The night before:
Apparently there is much debate about whether or not an athlete should carb load before a big event. My bible (which I followed religiously) told me I should carb up all week, and if I felt like I hadn’t eaten enough carbs that on the night before I should eat a particularly carby meal. Since I feel like I could never eat “enough carbs” I decided to go for a nice Italian meal. I wanted to go early (6pm is early meal time in LA, for some people it’s even considered a late lunch…) and was unpleasantly surprised by the shit-tastic service we got from a normally delicious and low key restaurant. It probably didn’t help that I had been sitting in the auto shop all day with my car, so waiting an hour and fifteen minutes for food was not on my ‘things to do’ list. I’ve crossed that restaurant off my list. Il Capricio - if you were wondering.
The morning of:
I woke up at 3:45AM and kind of tossed and turned until 5:30AM. I was fretting about what to wear, if I should eat, was I going to have to go number 2 during the course, etc, etc. Finally I got dressed and Louie came to pick me up. He dealt with my nerves and my non-specific directions as best as he could. I am a trial.
The Line Up:
I met Eric, Dave, Karma and Joe at the corner of 4th and Fig, which was a block away from the start line. It was freezing. I was wearing shorts. Goose bumps and white legs. Sexy.
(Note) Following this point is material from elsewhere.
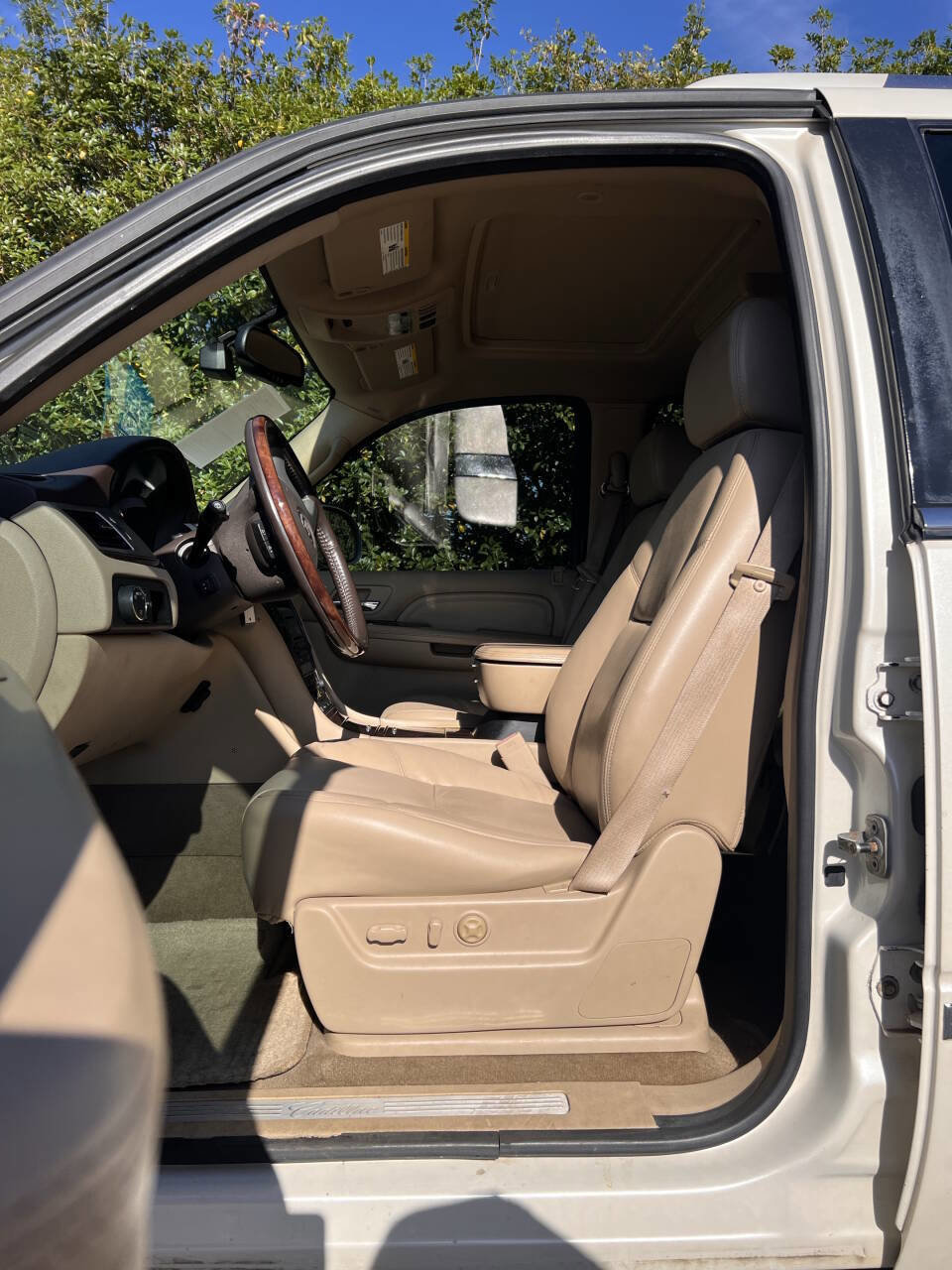 Used 2009 Cadillac Escalade ESV 2WD image 14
Eric gave me some pointers and tips and before too long we heard the gun and Randy Newman’s “I Love LA” playing, and we were off. Sort of. The start line is packed about a block and a half deep, so we walked until we crossed the actual start line and then Eric and Dave took off, and Karma and I puttered along.
Mile 1 through 6:
It is an amazing thing running with 25,000 strangers. You can only hear their footsteps and clothing and see the mass of heads bumping along in front of you. I did my best not to over run the first six miles, just took it slow and hydrated at every water stop. Karma had to pee at about mile 3 or 4, so I was alone running along, and at mile 6 I decided I need to pee to. I lost about 5 to 7 minutes in line for the portapotty, but wasn’t about to drop trou like the crazy people and pee beside a building. When I started back up again, I picked my pace up a bit, but not too much, I wanted to make up time, but I wasn’t terribly worried about it.
Mile 6 through 13.2:
People were out everywhere cheering for the runners, calling out the names they could read on people’s bibs, banging pots together. I started using my iPod around here, just to pass the time. I could have done it with out, but I figured since I was carrying it, I might as well listen to it. In two places “Eye of the Tiger” which is on my iPod was being played live, but the “On Course Entertainment.” I expected to feel really tired at the half way mark, but the only thing I felt was a little mental twinge. I was tired, but the mental image of doing what I had just run, except with more hills, made me a little… weary. I used the techniques my training bible taught me and that went away pretty quickly. At some point Karma reappeared, and we ran together for a while. I slowed down a bit and she kept going. Around here I took 2 more Advil and got drank/ate a Cliff Shot (the Vanilla flavor is delicious.)
Mile 13 through 19:
There were a few small hills to contend with, but nothing like what I had been training on, so that was a total relief. In fact, if anyone wants to train in Los Angeles for the marathon, I highly recommend Los Feliz/Silverlake/Echo Park. Our hills are killer. We started moving through neighborhoods I’m very familiar with on this part of the course, because of my commute to and from work, so that was nice. Running up Wilshire Blvd, there was a big cold wind blowing right in your face, then it would switch and be at your back, I almost put my wind breaker back on, but before too long we were on 6th Street and the wind was gone. At mile 18 they had a “Salonpas” pain relief station, where they sprayed some kind of Ben Gay type solution on your legs. It might be a pure placebo effect, but it felt great. Then I got just passed mile 19 and a group of my friends were there cheering me on. I was so happy to see them. Louie took a few photos.
Mile 20 through 26:
Wow. This is a blur for me because as they say, the last six miles are the last half of the marathon. You know you can finish, you just don’t know how. I saw a man in the middle of the street, he had collapsed and a couple of people were trying to help him. I’m not sure if he was one of the two people that died. I kept going. I walked a few times in this last six just to give my knees some relief. I was also getting worried about my left foot. I was experiencing some numbness in the pad and two of my toes. At mile 26, Karma and I reconnected and I started to push pretty hard.
There is no way for me to describe running up Flower seeing the finish line, knowing that the past sixteen weeks had led up to this one moment. I crossed. I got a little choked up. They took off my timing chip and I half limped to get my medal. I kind of had to lean down because the woman was so short. It felt heavy around my neck. I had finished it.
After the medal you run the gauntlet of water, gatorade, shiny blankets, cliff bars and I devoured one and a half. (Which is probably why I got a little sick when we got to the car.) Louie was there with flowers and I was ready to start planning my next one.
I can’t believe how awesome it feels to do this. I love it and will do it again.